There are just 20 supervolcanoes in the world, each an unusually large volcano that has the potential to produce an eruption that would affect the entire world.
Yellowstone supervolcano, or Yellowstone Caldera, is one of them. Situated in Wyoming’s Yellowstone National Park, it formed in the course of three supereruptions that occurred over the past 2.1 million years.
Volcanism at Yellowstone is in the grand scheme of things a relatively recent thing, with few other volcanoes of such size having experienced such large eruptions in such a short period.
Of all the volcanoes in the world, Yellowstone is the one that keeps volcanologists awake at night, for its eruption would send shockwaves across the world.

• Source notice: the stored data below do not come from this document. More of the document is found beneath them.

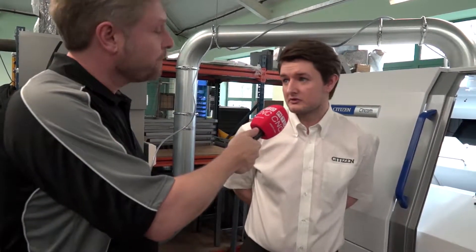First of all, I'm getting M32 bar diameter 32mm. It can actually take up the capacity of 35mm with an expansion kit. In terms of your bar feed, one metre, one and a half, three metre? Generally a three metre bar feed will fit on this, but depending on the customer, they can have whatever they want on there.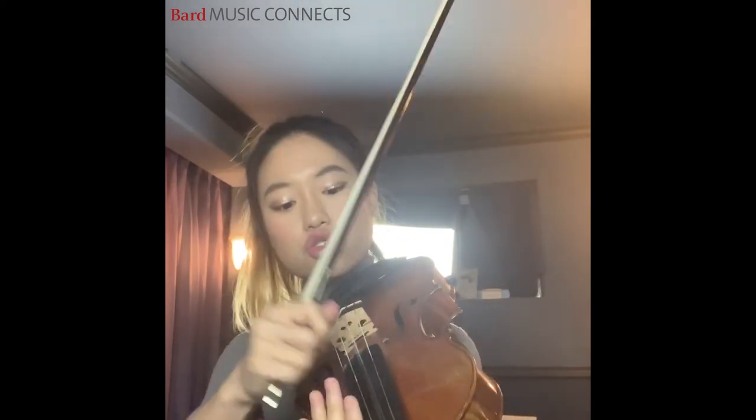The third difference is the strings. We have four strings: A, D, G, C. Violins have three of those same strings — A, D, G — the same as viola. But we have an extra C string. And the violin has an E string that we don't have. That's the string difference.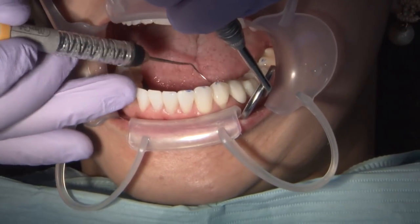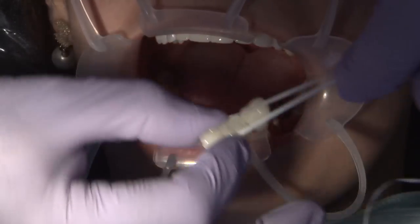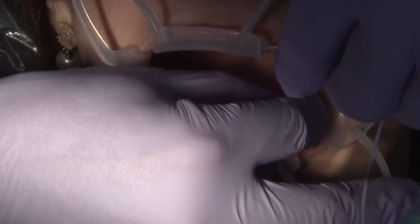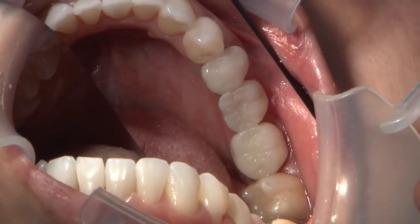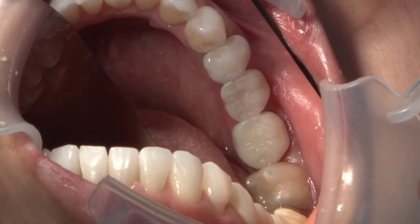Embrasures are clear enough to allow an instrument to pass through, and seating is completed with a floss strip pre-threaded underneath the pontic area for quick cleanup. The Fast Stent process is not just for occlusal assurance and path of insertion, but also to guide the acrylic reline in a direction that allows embrasures and pontic areas to remain open and hygienic.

Experts are so fearful that NASA, the US space agency, previously launched an entire project focused on handling and containing any future eruption in a project like nothing before.
The plans drawn up by NASA scientists would not only spare the world from a deadly super eruption, they say, but also transform Yellowstone into a source of electric power.
Documents drawn up in 2017 were shared with the BBC, with Brian Wilcox of NASA’s Jet Propulsion Laboratory (JPL) at the California Institute of Technology, explaining: “I was a member of the NASA Advisory Council on Planetary Defense which studied ways for NASA to defend the planet from asteroids and comets.
“I came to the conclusion during that study that the supervolcano threat is substantially greater than the asteroid or comet threat.”
When the scientists looked at the volcano, the most logical solution they could come up with was to simply cool it down. A volcano the size of Yellowstone is essentially a giant heat generator, with enough power inside it to match six industrial power plants.
Some 60 to 70 percent of this heat is currently leaked from the volcano, however, seeping from within the surface’s cracks and emitting into the atmosphere.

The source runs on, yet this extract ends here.